Largest traveling music festival in the U.S., is back for its 23rd year
By Quinn Storm, Editor-in-Chief
The summer months is the time for music lovers to come together at festivals and appreciate the art together. Friday, July 19, 2017, was no exception as Van’s Warped Tour invaded the Palace of Auburn Hills for a jam-packed day of alternative music.
“I’ve actually been to a lot of concerts and festivals this year. I think summer is such a fun time to go to these types of things. I like the outdoor setting and being able to be with friends and bond over the music and just have a good time. Also, it’s really cool to buy things like t-shirts or apparel from these places because most of the time you can’t find this stuff anywhere else and it’s a neat little souvenir from your fun time,” said Jenna Gibbons, a Grand Valley student.
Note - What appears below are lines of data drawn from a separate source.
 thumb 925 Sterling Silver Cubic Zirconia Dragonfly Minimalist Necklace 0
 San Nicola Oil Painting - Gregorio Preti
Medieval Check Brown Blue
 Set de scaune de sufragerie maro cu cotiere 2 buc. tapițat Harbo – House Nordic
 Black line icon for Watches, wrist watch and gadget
Warped Tour is a traveling alternative rock festival that makes stops in cities throughout the United States and Canada each year from June through August. It is the largest and longest running rock festival in North America. The tour made its 2017 debut on June 11th in Seattle, Washington, and will conclude Pomona, California August 6th.
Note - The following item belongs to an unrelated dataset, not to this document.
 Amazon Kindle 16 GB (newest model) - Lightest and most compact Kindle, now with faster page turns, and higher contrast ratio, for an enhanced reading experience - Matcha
“I’m always super excited for the Warped Tour. I’ve gone the past four years. It’s cool because there’s always different bands playing and all my friends like to come with me and hangout and listen to some cool music,” said Lily Kananen, a seasoned Warped Tour attendee.
This year, the Vans Warped Tour headliners included Andy Black, Beartooth, Dance Gavin Dance, I Prevail and New Year’s Day. The Auburn Hills tour stop, consisted of 7 stages and the set times ranged from 11:30 a.m. to 8:30 p.m. with each set being about an hour in length.
Each stage played 8-11 bands, and often the stages next to one another would play at the same time, or with short breaks in between. All the stages were setup around the parking lot of the Palace and also various vendors and sponsors had booths set up around the whole stage.
“Places like this usually aren’t my ‘thing,’ but I came to this because my friends all wanted to go and I’ve actually had a lot of fun. It’s more about being with people that you like here and having a good time together. Even though I don’t listen to these bands I can still listen now and appreciate their music,” said Isaac Chisholm, current Oakland Community College student.
The atmosphere of being together with a huge group of people that are just as passionate about the music as you are creates a sense of togetherness that you can only feel at a concert or festival. The doors open at 11 a.m., and before then the parking lot is filled with lines of people of all ages waiting eagerly to enter through the doors to see their favorite bands live, all together at once. The weather was picture perfect. It wasn’t too hot, nor too cold, and the sky was cloudy enough that the sun wasn’t overbearing outside. In addition to many food vending booths, there were free water stations where people could fill up their bottles or camelback backpacks to stay hydrated.
There were many non-profit booths at the event, including one called PETA2 which was a youth outreach center to support PETA, which is the protection of animals and a pro-vegan organization. Other booths included things that are appealing to the punk-rock aspect: vans clothing and shoes being sold, shirts, shorts and bags from multiple retailers and, of course, many bands had booths where you could buy their merchandise.
One of the bands that connected with festival goers was Attila. Attila is a metalcore band that played on the Journey’s Left Foot Stage. The crowd for this band was one of the largest there, and it was almost impossible to squeeze through the crowd. The set lasted for an hour and, even though there were more bands to see that day, the crowds of people definitely wished that their set would never stop.
Tickets for the day ranged from $35-$40 each, which was on the affordable side for festival tickets.
Overall, this festival is highly recommend for any adrenaline junky who is interested in hard-hitting shows. It has grown from a scrappy festival upstart to a massive production with a DIY spirit, punk rock edge and commitment to showcasing emerging bands.
If you missed out on this year’s tour, don’t worry because next July you can count on Van’s Warped Tour making its annual Metro Detroit stop once again.